The Virginia Electric and Power Co. yesterday warned that its customers will face blackouts and curtailment of service this summer if it is not allowed to operate, by May, one of its nuclear power plants ordered closed this month by the Nuclear Regulatory Commission.
The power company issued the warning after determining that its preliminary evaluation of the problem at the Surry, Va. plant -- originally expected to be completed this week -- will not be finished until May.
The company is asking the NRC for permission to operate the plant on an interim basis after the preliminary analysis is done and before the final analysis is completed several months later.
If the NRC refuses interim service, "Vepco would have inadequate generating capability this summer and curtailments may be required," the company said in a statement released last night.
NRC officials could not be reached for comment last night. A commission spokesman said that NRC and Vepco members met yesterday morning but he was unaware of what transpired.
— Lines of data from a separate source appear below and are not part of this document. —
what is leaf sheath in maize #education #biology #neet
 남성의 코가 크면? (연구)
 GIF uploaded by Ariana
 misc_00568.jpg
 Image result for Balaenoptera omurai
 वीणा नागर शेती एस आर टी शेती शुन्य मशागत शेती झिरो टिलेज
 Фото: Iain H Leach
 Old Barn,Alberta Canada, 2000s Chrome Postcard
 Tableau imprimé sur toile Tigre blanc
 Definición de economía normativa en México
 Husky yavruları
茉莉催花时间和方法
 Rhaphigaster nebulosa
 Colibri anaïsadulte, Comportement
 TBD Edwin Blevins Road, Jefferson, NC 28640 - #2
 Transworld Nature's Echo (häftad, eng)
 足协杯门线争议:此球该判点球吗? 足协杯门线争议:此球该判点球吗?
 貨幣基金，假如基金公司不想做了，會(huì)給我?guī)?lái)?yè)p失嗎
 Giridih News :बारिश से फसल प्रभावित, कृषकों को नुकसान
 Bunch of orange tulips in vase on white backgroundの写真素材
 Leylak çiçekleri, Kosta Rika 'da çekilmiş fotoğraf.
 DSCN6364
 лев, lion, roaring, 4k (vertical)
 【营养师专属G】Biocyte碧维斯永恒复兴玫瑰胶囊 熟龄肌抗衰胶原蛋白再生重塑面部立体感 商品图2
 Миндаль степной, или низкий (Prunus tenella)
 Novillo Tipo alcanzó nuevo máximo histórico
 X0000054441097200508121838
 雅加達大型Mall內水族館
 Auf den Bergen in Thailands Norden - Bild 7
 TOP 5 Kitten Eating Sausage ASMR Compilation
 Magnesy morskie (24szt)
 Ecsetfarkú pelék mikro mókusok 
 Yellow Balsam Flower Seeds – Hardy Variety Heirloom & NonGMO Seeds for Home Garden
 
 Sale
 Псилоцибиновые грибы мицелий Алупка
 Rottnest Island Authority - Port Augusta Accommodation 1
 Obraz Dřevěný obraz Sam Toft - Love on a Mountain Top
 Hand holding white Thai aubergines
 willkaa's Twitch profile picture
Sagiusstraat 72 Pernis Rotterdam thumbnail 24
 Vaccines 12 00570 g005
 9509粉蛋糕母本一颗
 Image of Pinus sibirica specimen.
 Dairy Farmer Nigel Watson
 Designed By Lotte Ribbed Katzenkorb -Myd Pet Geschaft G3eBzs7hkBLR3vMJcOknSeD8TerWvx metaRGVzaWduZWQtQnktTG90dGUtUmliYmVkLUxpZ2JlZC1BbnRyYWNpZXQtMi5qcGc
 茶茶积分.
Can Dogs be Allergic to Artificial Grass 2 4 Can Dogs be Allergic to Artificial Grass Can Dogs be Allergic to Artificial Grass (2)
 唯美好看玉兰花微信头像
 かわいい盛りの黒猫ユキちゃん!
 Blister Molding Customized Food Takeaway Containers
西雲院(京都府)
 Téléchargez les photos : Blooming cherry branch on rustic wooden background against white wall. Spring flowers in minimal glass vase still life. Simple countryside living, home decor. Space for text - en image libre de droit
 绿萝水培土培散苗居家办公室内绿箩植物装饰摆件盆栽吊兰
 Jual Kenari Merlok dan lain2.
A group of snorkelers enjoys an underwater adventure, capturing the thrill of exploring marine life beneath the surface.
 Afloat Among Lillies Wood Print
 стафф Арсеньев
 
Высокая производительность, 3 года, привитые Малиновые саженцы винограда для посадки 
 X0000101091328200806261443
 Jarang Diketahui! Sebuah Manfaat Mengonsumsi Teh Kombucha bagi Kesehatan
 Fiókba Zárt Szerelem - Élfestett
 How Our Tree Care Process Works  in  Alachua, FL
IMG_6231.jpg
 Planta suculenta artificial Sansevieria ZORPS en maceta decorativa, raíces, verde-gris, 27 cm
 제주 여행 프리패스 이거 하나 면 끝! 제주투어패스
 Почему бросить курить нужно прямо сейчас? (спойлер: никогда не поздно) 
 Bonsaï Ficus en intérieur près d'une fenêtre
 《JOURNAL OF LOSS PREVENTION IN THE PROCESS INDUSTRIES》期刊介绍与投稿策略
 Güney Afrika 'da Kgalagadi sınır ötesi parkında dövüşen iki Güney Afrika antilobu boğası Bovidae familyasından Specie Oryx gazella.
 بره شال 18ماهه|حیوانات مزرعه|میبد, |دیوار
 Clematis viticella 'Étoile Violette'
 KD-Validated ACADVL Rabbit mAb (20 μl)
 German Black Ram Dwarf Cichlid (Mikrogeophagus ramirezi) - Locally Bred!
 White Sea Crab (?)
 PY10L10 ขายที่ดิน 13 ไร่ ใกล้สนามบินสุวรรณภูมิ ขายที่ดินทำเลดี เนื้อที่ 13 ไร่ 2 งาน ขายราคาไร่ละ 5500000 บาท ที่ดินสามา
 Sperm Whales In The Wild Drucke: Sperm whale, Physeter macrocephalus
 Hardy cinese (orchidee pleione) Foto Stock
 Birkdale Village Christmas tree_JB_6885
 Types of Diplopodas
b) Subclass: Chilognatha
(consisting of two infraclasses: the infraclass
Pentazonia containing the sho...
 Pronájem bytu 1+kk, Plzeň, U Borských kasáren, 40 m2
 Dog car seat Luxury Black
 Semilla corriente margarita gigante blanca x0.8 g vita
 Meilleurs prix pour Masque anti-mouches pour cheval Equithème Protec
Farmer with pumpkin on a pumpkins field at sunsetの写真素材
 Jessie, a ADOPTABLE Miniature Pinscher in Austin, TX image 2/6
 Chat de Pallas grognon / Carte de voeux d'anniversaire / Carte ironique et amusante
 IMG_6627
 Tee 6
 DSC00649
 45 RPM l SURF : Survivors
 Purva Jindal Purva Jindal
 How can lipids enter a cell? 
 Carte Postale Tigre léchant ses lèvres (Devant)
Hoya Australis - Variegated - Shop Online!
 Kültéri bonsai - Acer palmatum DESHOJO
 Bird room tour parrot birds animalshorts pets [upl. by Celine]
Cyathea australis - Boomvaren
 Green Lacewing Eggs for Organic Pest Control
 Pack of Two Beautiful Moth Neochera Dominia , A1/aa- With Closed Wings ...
A source close to the situation, however, said that the May deadline for the analysis was contrary to what the power company had led commission members to believe.
On March 13 five nuclear plants, including two units at Surry, were ordered closed by the NRC when it found the computer codes that designed earthquake resistance of the piping in the cooling system were in error. The NRC expressed fears that the flaws might cause the pipes that carry collant to the nuclear units to rupture during an earthquake.
One of the Surry units, however, already had been shut down before the NRC order because one of its steam generators needed to be replaced.
Vepco has estimated that it will spend $10 million more a month to generate power because of the Surry shutdown. A Vepco spokesman yesterday said if the interim operation is not approved Vepco may not be able to purchase enough replacement power from neighboring utilities to make up for the loss of the Surry plant and that he did not know how much more might be added to the estimated $10 million a month.
Vepco said that its 1.3 million customers would have to pay 8 percent more in their bills to cover the costs of buying oil for conventional plants to generate power during the Surry shutdown.
The computer errors that caused the shutdown were blamed on work done by the Boston engineering firm of Stone and Webster, the same firm that is performing the preliminary analysis of the Surry problem.
The deadline for the preliminary evaluation was altered "ater further assessment of the scope of work required," Spencer said. "We hope this evaluation will demonstrate to the NRC that the plant can safely resume operations on an interim basis pending completion of the more extensive and detailed analysis."
The Vepco spokesman said that the curtailment of service would be similar to that experienced in January 17, 1977 when a nuclear power station was shut down by ice floes and two conventional generating plants froze up.
At that time more than a third of Vepco's 300,000 Northern Virginia customers had their electricity cut off for up to 2 1/2 hours. If curtailment is necessary it would affect customers on a rotating basis.